The court’s decision came after a Portland, Oregon-based dance rock band called The Slants, led by an Asian-American frontman named Simon Tam, attempted to register their name with the national trademark office in 2011 and was rejected on the grounds that the name might be offensive to Asian Americans. Tam brought a lawsuit and won his case in the US Court of Appeals for the Federal Circuit in 2015; today, the Supreme Court affirmed the lower court’s decision.

According to Tam, the band name is meant to reclaim the racial slur as a “badge of pride.”

But as Quartz noted last year, a court affirmation that the potentially incendiary name is acceptable—and especially now that is has been upheld by the nation’s highest court—has implications beyond Tam and his band’s music. In 2014, the Washington Redskins had their trademark canceled after facing widespread complaints the National Football League team’s name is offensive to Native Americans. (“Redskins” is an arguably derogatory term that has been used as a slur against Native Americans in the past, though some people argue that having it in the NFL is not an insult but a badge of honor.) The team’s case defending its name was rejected by a district judge in Virginia and is now awaiting hearing on appeal.

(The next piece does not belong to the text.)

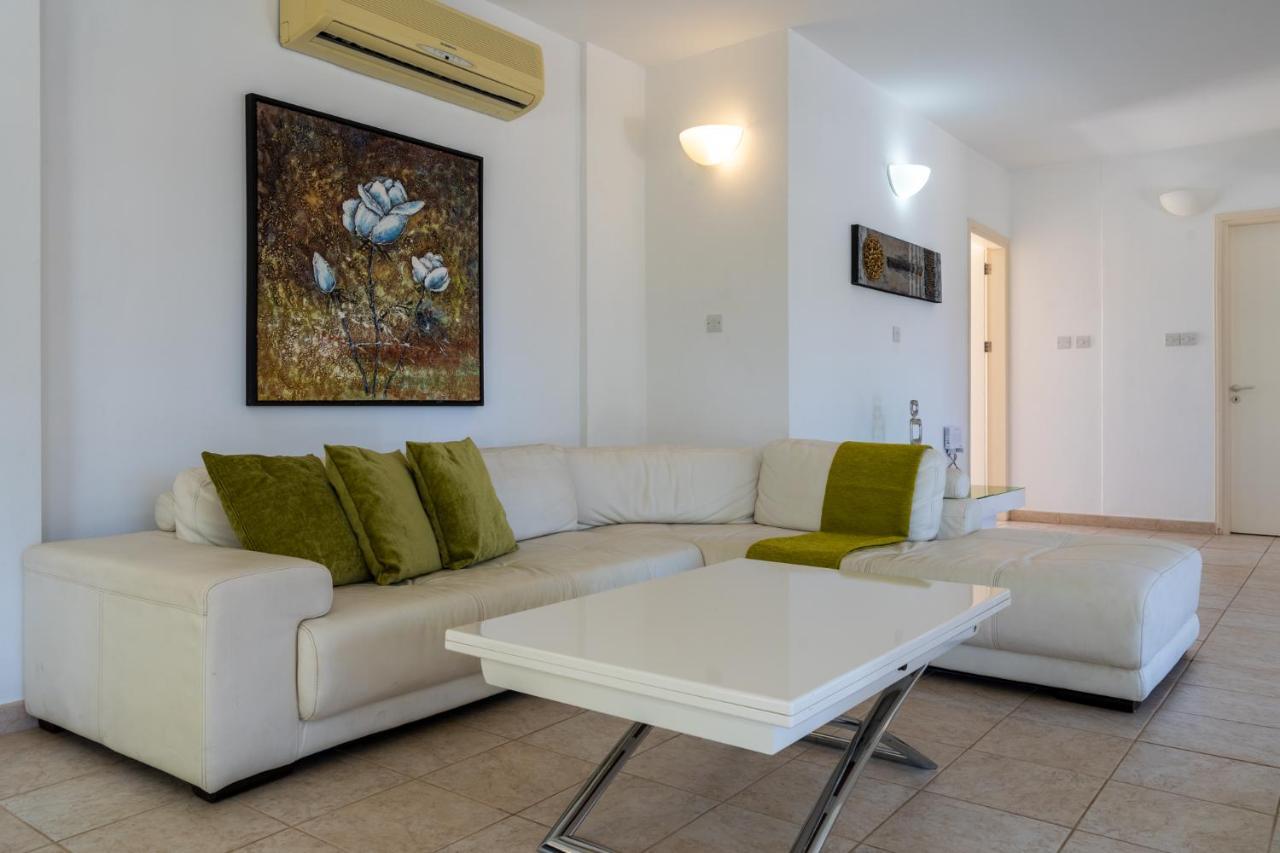 Lime 3-Bedroom Villa In プロタラス エクステリア 写真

If the members of the The Slants are able to register their name, then the Redskins have a solid example on which to hinge their case. Being able to register the team name again would mean securing broader protections for the Redskins’ sprawling merchandise enterprise and reaping higher profits. Of course, there is one huge hurdle: The Supreme Court did not rule that all derogatory names are able to be trademarked, meaning that a line may need to be drawn on the degree of offensiveness allowed in the near future.